Esta misma tarde, charlando con una editoria y, a pesar de ello, amiga, me preguntaba si habría existido algún boxeador que, encontrándose en clara situación de ganar un combate y sin ningún motivo excepcional que lo aconsejase, hubiese tirado la toalla. Es decir, rendirse cuando se está venciendo.
Por supuesto, este acto no implicaría un menosprecio del rival, ni lo contrario, una valoración excesiva. En realidad, el rival no contaría en la decisión. Tirar la toalla sería el colofón del combate que el pugil mantiene consigo mismo. Una parte del boxeador se impone a la otra y le hace abandonar. Es una lucha distinta, callada, íntima, sin mamporros, sin cejas rotas, sin labios sangrantes… Es una lucha que tiene más que ver con los escalofríos de la conciencia, con la nebulosa de la certidumbre. Es proclamar en voz alta: he llegado hasta aquí y me importa un bledo ganar. Me bajo del cuadrilátero y me tienen sin cuidado los abucheos del público. ¡El público! ¡Qué coartada perfecta!
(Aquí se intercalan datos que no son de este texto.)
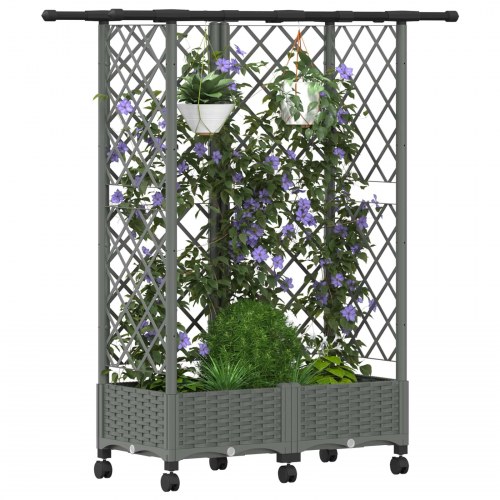 Hævet bed med trellis og tag - lysegrå 124 × 40 × 127 cm (PP)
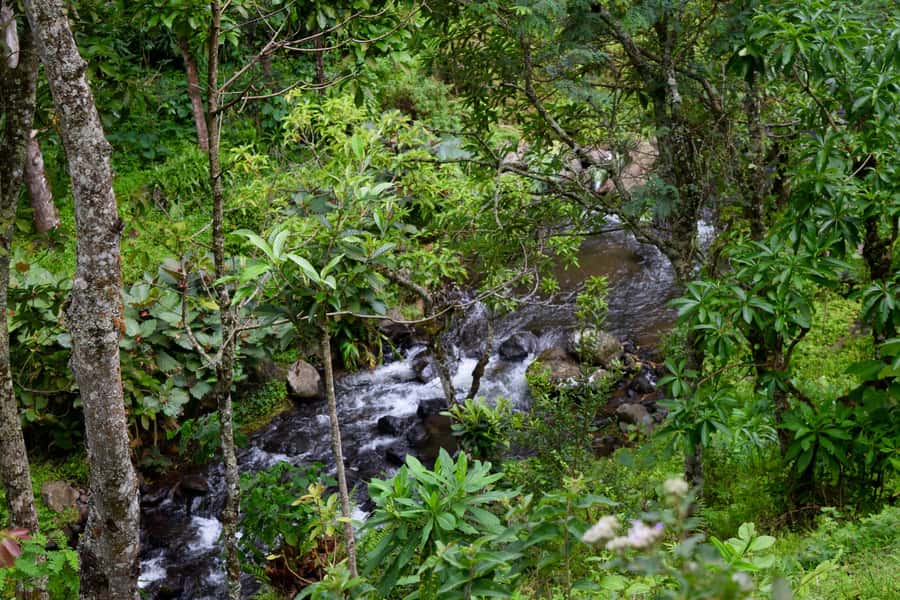 Materuni Waterfalls, Chemka Hot Springs, &/Or Coffee Tour - What to pack for a better day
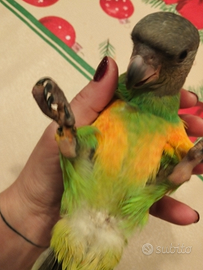 Pappagallo del Senegal allevato a mano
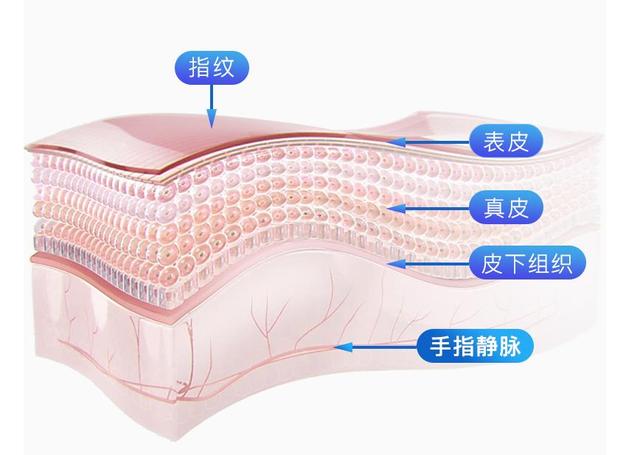 智能門鎖不止有指紋，樸墅指靜脈智能鎖了解一下？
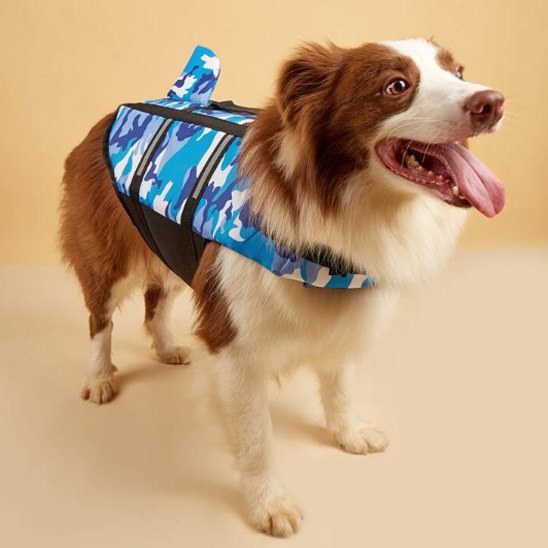 Border Collie assis portant un gilet de sauvetage pour chien bleu requin en studio.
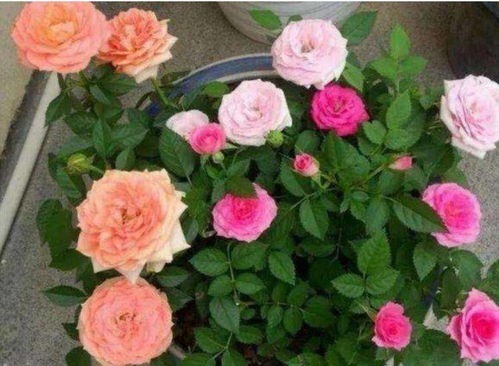 温度与光照， 要注意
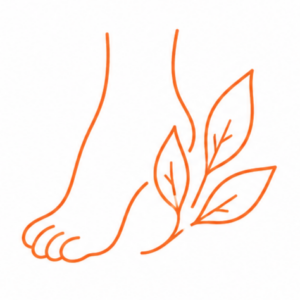 icon5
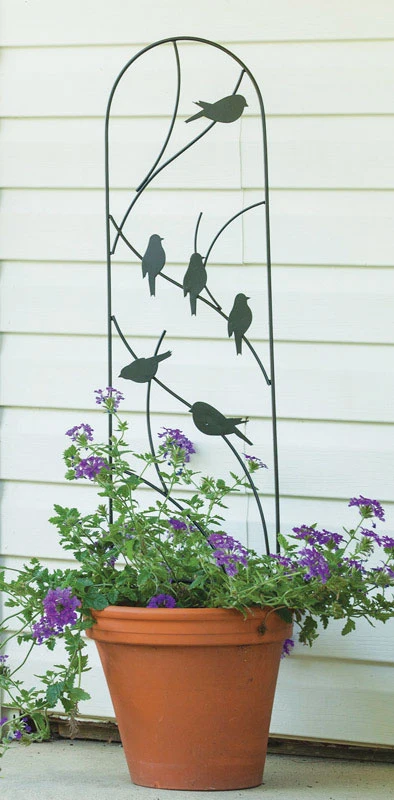 40 In. H Black Steel Trellis For Climbing Plants And Garden Support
Escribir y boxear, a simple vista, no tienen nada que ver. Es cierto que la literatura se ha ocupado a menudo del boxeo, no al contrario. Pero en el fondo escribir también es boxear contra uno mismo. Y nuestros propios golpes suelen ser tan dolorosos como los ajenos, o más. Por ese motivo, un escritor también puede tirar la toalla, aunque en la cartulina de los jueces vaya ganando el combate. Pero, en definitiva, ¿qué entienden los jueces de boxeo? Y peor aun, ¿qué entienden de literatura?